AFP
End clap for Fret SNCF, the leader in rail freight transport in France, which will be replaced by two new companies in 2025 with 10% fewer staff, to the great displeasure of the unions who are preparing their response.
This is the culmination of nearly two years of crisis within the public company, which has been the subject of proceedings by the European Commission since the beginning of 2023. From next year, Hexafret will handle freight transport and Technis will handle locomotive maintenance.
The French state is suspected of having paid aid considered illegal between 2005 and 2019 to Fret SNCF to cover its deficit, for around 5 billion euros.
However, rail freight has been open to competition since 2006 in France and the aid must benefit the entire sector, according to European regulations.
The state only had two options according to the actors in the case: go to litigation and take the risk of losing, which would have forced Fret SNCF to reimburse 5 billion euros and led to its disappearance with a social plan targeting 5,000 people, according to its managers.
Or negotiate a “discontinuity plan” with the European authorities to avoid prosecution.

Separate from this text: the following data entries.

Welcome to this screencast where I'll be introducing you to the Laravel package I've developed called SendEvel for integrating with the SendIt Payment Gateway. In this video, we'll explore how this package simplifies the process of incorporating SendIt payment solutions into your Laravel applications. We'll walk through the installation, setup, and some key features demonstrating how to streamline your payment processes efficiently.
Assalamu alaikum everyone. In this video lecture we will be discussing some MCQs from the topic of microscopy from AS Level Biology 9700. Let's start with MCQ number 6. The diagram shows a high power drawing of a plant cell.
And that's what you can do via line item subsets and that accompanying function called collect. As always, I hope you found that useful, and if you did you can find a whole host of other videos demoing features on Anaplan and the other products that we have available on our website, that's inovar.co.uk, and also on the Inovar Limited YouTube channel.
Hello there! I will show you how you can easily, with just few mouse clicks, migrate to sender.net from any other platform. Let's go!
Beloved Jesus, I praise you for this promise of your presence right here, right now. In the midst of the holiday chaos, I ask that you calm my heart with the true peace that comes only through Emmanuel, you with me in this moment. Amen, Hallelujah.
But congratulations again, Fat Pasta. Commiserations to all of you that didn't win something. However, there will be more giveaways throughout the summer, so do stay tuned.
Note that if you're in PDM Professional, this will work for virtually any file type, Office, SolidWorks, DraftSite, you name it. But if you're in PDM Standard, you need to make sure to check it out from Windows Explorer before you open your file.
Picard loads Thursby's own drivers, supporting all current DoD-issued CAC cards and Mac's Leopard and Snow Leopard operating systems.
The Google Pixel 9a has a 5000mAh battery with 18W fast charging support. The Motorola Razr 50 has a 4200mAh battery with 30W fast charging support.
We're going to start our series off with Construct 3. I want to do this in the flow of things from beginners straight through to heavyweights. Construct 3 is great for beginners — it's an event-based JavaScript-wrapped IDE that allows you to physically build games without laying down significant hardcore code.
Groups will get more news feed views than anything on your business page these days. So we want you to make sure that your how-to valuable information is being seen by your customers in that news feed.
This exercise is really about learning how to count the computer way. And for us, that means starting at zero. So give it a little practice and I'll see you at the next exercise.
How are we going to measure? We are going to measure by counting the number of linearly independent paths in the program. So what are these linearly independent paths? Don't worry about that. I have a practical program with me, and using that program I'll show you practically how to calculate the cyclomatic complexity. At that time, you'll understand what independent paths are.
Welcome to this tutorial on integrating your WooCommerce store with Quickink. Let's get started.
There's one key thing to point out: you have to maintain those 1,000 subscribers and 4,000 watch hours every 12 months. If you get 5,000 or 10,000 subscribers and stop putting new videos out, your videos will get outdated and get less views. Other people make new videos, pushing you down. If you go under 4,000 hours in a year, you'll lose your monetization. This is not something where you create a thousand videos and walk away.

This is the path that was initially chosen by the Minister Delegate for Transport, Clément Beaune, and confirmed last Monday by his successor, François Durovray.
– Abandonment of flow –
“SNCF fought alongside the State to obtain the most moderate discontinuity possible,” Frédéric Delorme, the president of Rail Logistics Europe, the holding company that brings together SNCF's freight activities (Captrain, combined transport, etc.), told AFP.

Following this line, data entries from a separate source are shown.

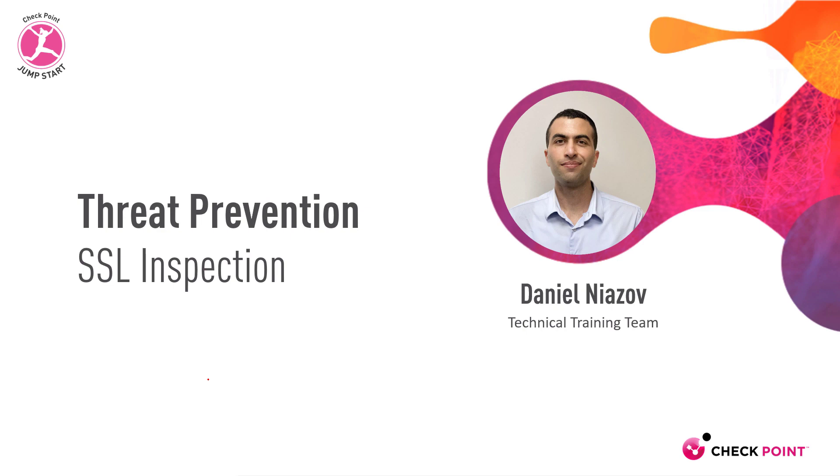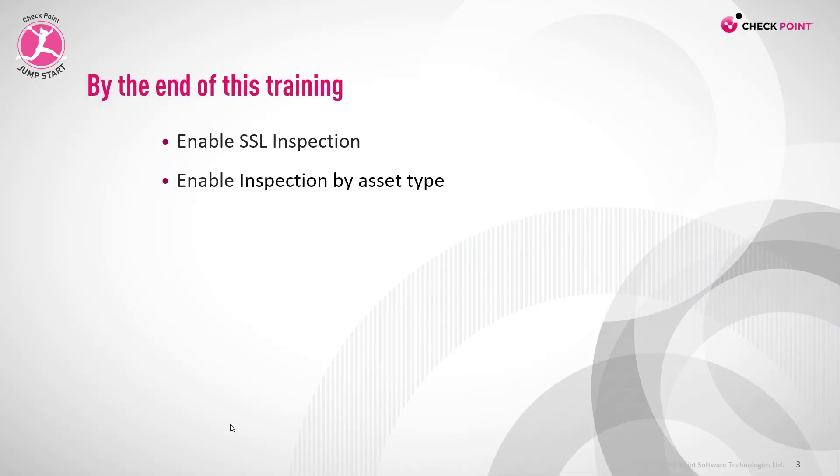Threat prevention SSL inspection. By the end of this training you'll be able to enable SSL inspection and enable inspection by asset type.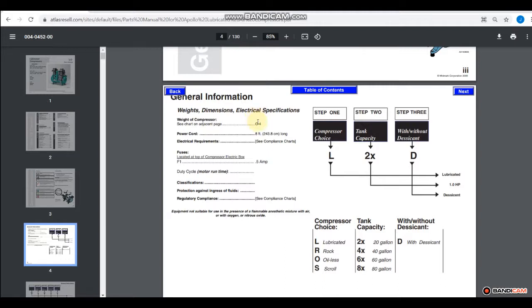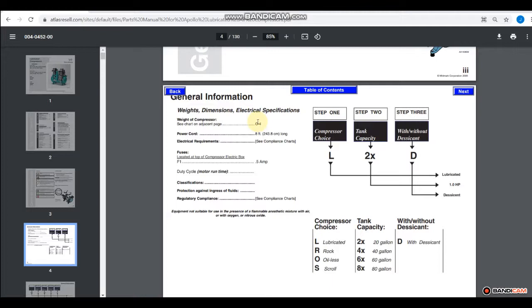Now there is a wide variety of differences between these different models of compressor, and so the way that Midmark or Apollo did it was they tried to give you a code or a key to understand what the model numbers mean. This is something that is good to know because manufacturers will at times try and give you information in the model number of a piece of equipment they manufacture. So let's go ahead and work through this chart and see what we can understand from it.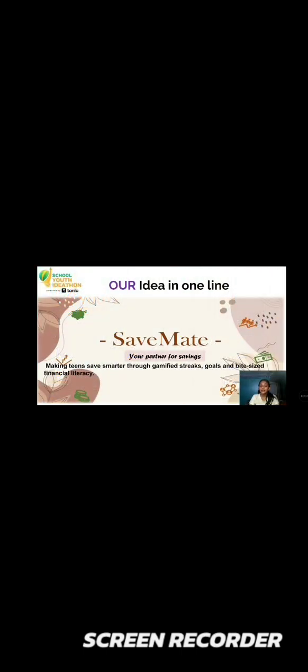My idea in one line is making teens save smarter through gamified streaks, goals, and bite-sized financial literacy.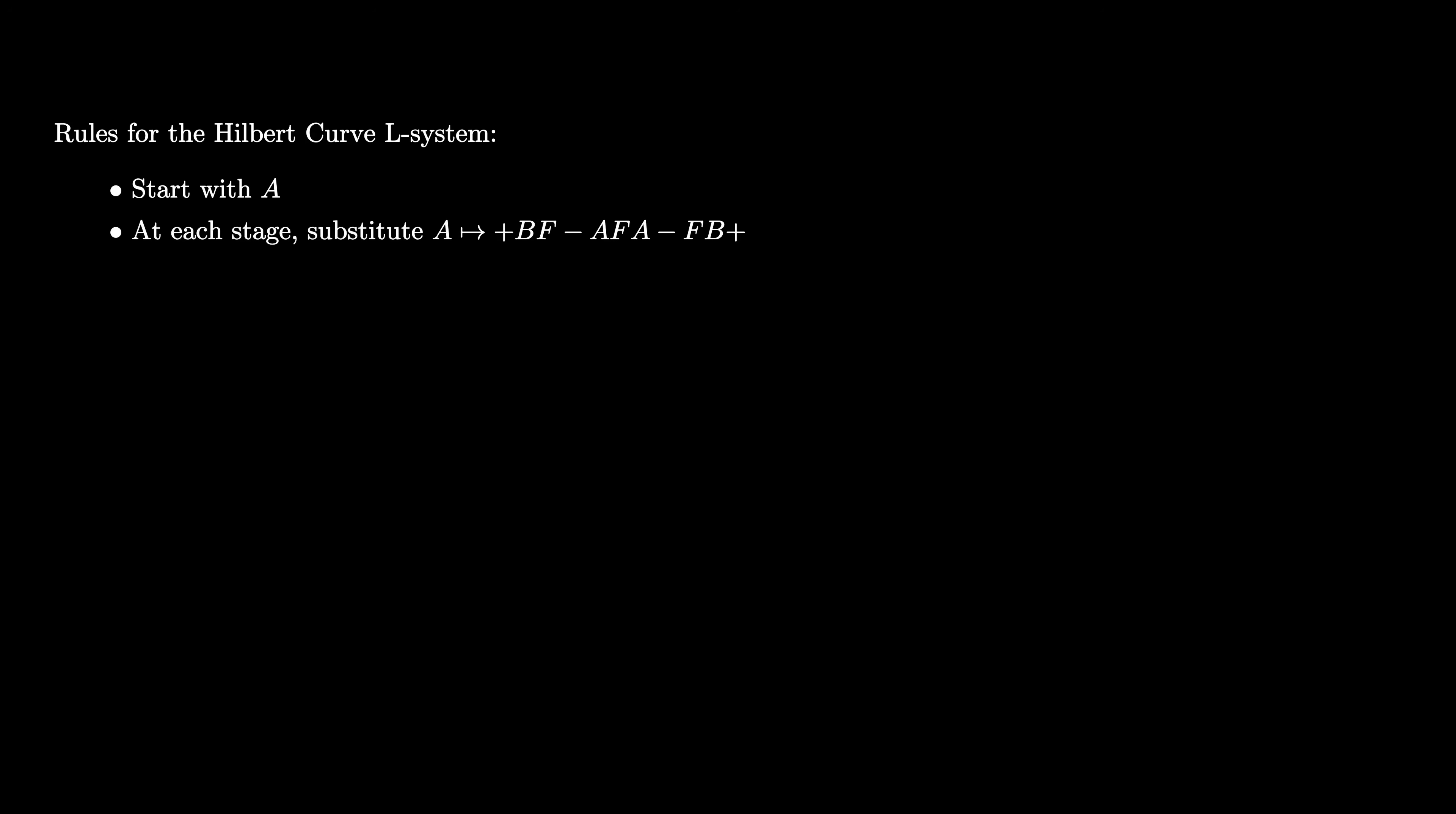At each stage, substitute A with plus BF minus AFA minus FB plus, and substitute B with minus AF plus BFB plus FA minus.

According to him and other SNCF executives, the initial assumption on the European side was “a punishment” with the abandonment of 50% of turnover, 50% of traffic and the elimination of 50% of the workforce, on the model of what happened to the Italian airline Alitalia.
In the end, Fret SNCF had to abandon 23 of the most profitable freight flows to competitors – Belgian, German and French operators – representing 20% of its turnover and 30% of its traffic. This operation was carried out in the first half of 2024.

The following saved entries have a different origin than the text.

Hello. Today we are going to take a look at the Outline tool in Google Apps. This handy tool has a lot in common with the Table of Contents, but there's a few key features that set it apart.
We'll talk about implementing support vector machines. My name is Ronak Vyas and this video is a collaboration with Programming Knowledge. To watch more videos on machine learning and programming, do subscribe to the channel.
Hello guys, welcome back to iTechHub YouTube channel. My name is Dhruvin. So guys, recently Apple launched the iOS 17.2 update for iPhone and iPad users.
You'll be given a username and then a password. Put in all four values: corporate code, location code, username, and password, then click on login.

The second stage, with the disappearance of Fret SNCF in favor of Hexafret and Technis, should result in the loss of 500 jobs, or 10% of the workforce.
A third stage will take place in late 2025-early 2026, with the opening of Rail Logistics Europe's capital to the private sector. “But with a red line, that the SNCF group remains in the majority”, according to Frédéric Delorme.
There will be no layoffs, the SNCF and the government have promised: all the railway workers concerned will be transferred to other companies in the group.
– “Social carnage” –
Of the 4,500 employees kept on, 10% will go to Technis and the rest to Hexafret. “It's very hard for railway workers,” acknowledged Frédéric Delorme.
Especially since Fret SNCF had finally returned to the black after years of deficit when the procedure was opened.
For the unions, who are calling for a moratorium and the resumption of negotiations with the European Commission, this decision is not only “social carnage”, but also an ecological aberration “while the climate emergency requires the development of railways as a solution that benefits everyone”.
The share of goods transported by train is already low in France (11% in 2023) compared to the European average (17%). But rail freight has also recorded a more marked decline in France in 2023 (-17% of goods transported) compared to its European neighbors.
However, Frédéric Delorme wants to believe that the company can start again on a healthy basis despite its weakening. “These companies (Hexafret and Technis) will benefit from favorable factors to develop,” he assures.
The French government has notably decided to increase aid for isolated wagons (a train transporting loads for several customers) by 30 million euros in the 2025 budget. In total, aid to the sector will amount to 370 million euros.